When Academy for Justice Deputy Director Valena Beety first became a federal prosecutor, her goal was to protect victims, especially women, from cycles of violence. What she discovered was that not only did prosecutions often fail to help victims, they frequently relied on false information, forensic fraud, and police and prosecutor misconduct. Seeking change, Beety began working in the Innocence Movement, helping to free factually innocent people through DNA testing and criminal justice reform. In her new book Manifesting Justice, Beety focuses on the shocking story of her client Leigh Stubbs—a young, queer woman in Mississippi, convicted of a horrific crime she did not commit because of her sexual orientation and bogus bite mark evidence.

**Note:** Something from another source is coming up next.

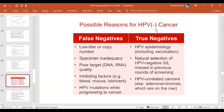The possible reasons for a negative HPV result include false negatives — very low viral titre, low copy number, inadequate specimen, poor DNA or RNA quality, or inhibiting factors like blood, mucus, or lubricant in the sample. HPV mutations occurring while progressing to cancer may no longer gel with primers or hybrid capture technology. True negatives can occur in post-HPV-vaccination populations, natural selection of HPV-negative SIL, or HPV-unrelated cancers such as gastric-type adenocarcinomas of the cervix.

In this episode of Measured Justice, A4J Faculty Director Erik Luna speaks with Beety; as well as Richard Saenz, Senior Attorney and Criminal Justice and Police Misconduct Strategist at Lambda Legal; and Candace Bond-Theriault, Director of Racial Justice Policy & Strategy for the Center for Gender & Sexuality Law at Columbia Law School, to discuss the implications of Beety’s book and the broader story of a broken criminal justice system where defendants—including disproportionate numbers of women of color and queer individuals—are convicted due to racism, prejudice, coerced confessions, and false identifications. You can listen to the episode by clicking on your favorite podcast platform below. Welcome to Measured Justice.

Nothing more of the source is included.